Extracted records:

-- Opening Marker --

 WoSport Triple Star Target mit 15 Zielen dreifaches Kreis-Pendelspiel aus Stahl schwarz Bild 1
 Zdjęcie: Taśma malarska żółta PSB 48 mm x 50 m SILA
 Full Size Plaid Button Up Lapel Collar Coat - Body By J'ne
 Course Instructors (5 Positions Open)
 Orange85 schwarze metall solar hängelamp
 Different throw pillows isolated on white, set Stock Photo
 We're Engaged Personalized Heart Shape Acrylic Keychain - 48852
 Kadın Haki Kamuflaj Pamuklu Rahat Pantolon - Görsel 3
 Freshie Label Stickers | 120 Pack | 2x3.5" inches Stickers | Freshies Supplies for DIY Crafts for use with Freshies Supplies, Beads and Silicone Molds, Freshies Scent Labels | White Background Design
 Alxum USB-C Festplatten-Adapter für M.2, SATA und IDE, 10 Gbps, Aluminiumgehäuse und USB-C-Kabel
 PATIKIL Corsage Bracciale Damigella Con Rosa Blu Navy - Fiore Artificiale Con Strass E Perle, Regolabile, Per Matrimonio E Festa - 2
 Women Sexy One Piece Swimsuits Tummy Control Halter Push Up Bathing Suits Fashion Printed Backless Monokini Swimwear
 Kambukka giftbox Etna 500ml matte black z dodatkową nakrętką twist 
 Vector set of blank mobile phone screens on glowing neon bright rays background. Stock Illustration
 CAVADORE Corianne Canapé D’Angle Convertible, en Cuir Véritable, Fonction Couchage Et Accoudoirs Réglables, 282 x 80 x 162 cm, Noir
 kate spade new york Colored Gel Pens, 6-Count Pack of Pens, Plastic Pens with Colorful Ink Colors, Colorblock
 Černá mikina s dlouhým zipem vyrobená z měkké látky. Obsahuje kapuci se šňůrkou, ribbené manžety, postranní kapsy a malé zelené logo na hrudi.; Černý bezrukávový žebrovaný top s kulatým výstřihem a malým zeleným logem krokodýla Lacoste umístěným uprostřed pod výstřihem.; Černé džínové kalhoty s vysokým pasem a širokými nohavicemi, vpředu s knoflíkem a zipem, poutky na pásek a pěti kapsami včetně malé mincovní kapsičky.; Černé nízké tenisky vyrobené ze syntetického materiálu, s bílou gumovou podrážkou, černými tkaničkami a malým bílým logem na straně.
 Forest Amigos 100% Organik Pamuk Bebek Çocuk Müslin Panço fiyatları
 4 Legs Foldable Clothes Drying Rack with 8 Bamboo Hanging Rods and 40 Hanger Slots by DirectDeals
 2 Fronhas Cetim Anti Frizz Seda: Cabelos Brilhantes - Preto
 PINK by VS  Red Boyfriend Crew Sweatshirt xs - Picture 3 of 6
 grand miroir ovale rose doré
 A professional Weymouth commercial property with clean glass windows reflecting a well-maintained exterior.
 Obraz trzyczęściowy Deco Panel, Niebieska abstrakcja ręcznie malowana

-- Closing Marker --

● Instructions to follow
Going from the line that contains "kate spade new" to the last line of the records, reproduce every line as written.

● Your solution
 kate spade new york Colored Gel Pens, 6-Count Pack of Pens, Plastic Pens with Colorful Ink Colors, Colorblock
 Černá mikina s dlouhým zipem vyrobená z měkké látky. Obsahuje kapuci se šňůrkou, ribbené manžety, postranní kapsy a malé zelené logo na hrudi.; Černý bezrukávový žebrovaný top s kulatým výstřihem a malým zeleným logem krokodýla Lacoste umístěným uprostřed pod výstřihem.; Černé džínové kalhoty s vysokým pasem a širokými nohavicemi, vpředu s knoflíkem a zipem, poutky na pásek a pěti kapsami včetně malé mincovní kapsičky.; Černé nízké tenisky vyrobené ze syntetického materiálu, s bílou gumovou podrážkou, černými tkaničkami a malým bílým logem na straně.
 Forest Amigos 100% Organik Pamuk Bebek Çocuk Müslin Panço fiyatları
 4 Legs Foldable Clothes Drying Rack with 8 Bamboo Hanging Rods and 40 Hanger Slots by DirectDeals
 2 Fronhas Cetim Anti Frizz Seda: Cabelos Brilhantes - Preto
 PINK by VS  Red Boyfriend Crew Sweatshirt xs - Picture 3 of 6
 grand miroir ovale rose doré
 A professional Weymouth commercial property with clean glass windows reflecting a well-maintained exterior.
 Obraz trzyczęściowy Deco Panel, Niebieska abstrakcja ręcznie malowana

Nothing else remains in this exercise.